Distance is noted as a factor for Surrey’s transportation challenges, given that the city has a geographical size nearly identical to Vancouver, Burnaby, New Westminster, and Richmond combined.

The city has plans to densify key nodes around transit hubs, including the new Surrey-Langley SkyTrain extension of the Expo Line along Fraser Highway.

This 16-month-long process for creating the new transportation plan is expected to reach completion for city council’s consideration by the end of 2021.

It is intended to identify a long-range vision for Surrey beyond 2050, replacing the current transportation strategic plan made in 2008. This new plan will also identify key objectives, projects, and initiatives over this decade.

As the first move by McCallum’s Safe Surrey Coalition shortly after it was elected into office in 2018, the municipal government revoked its support for the Surrey Newton-Guildford LRT and pivoted towards the Surrey-Langley SkyTrain extension.
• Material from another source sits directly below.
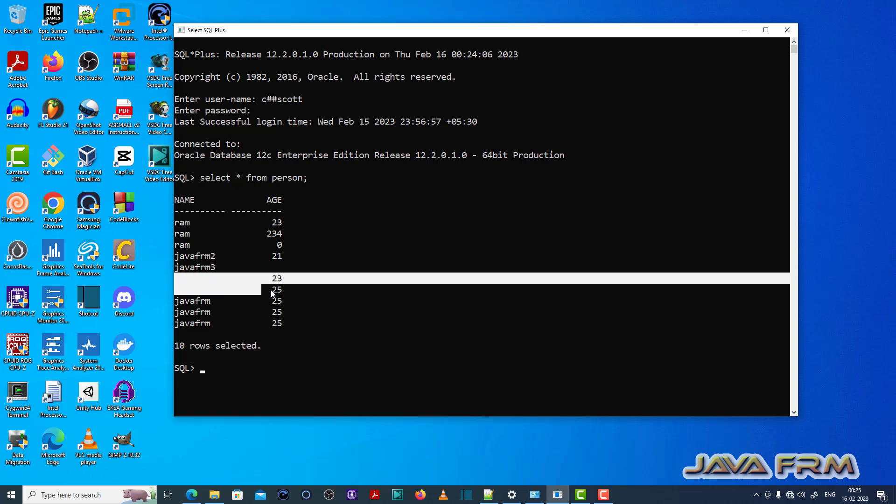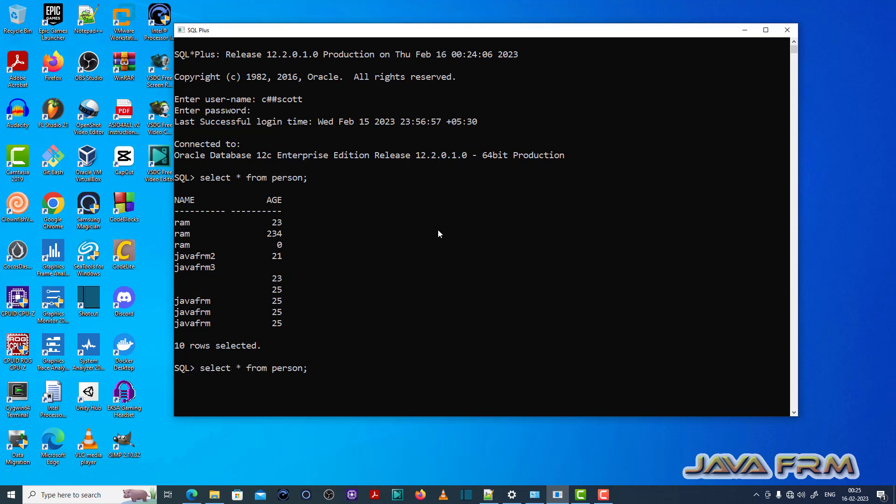Here you can see that I already have a table called person. Select star from person. You can see that some records contain null values.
Just months prior to the decision to cancel LRT, city staff under the guidance of the previous Surrey First governing party outlined a vision to build not only LRT along the King George Boulevard, 104 Avenue, and Fraser Highway corridors but a city-wide LRT network spanning a total route distance of 140 kms.

The updated transportation plan will also take into account new transportation infrastructure built since 2008, including the new Port Mann Bridge, HOV lanes on Highway 1, South Fraser Perimeter Road, and future projects of the new replacement crossings for the George Massey Tunnel and Pattullo Bridge.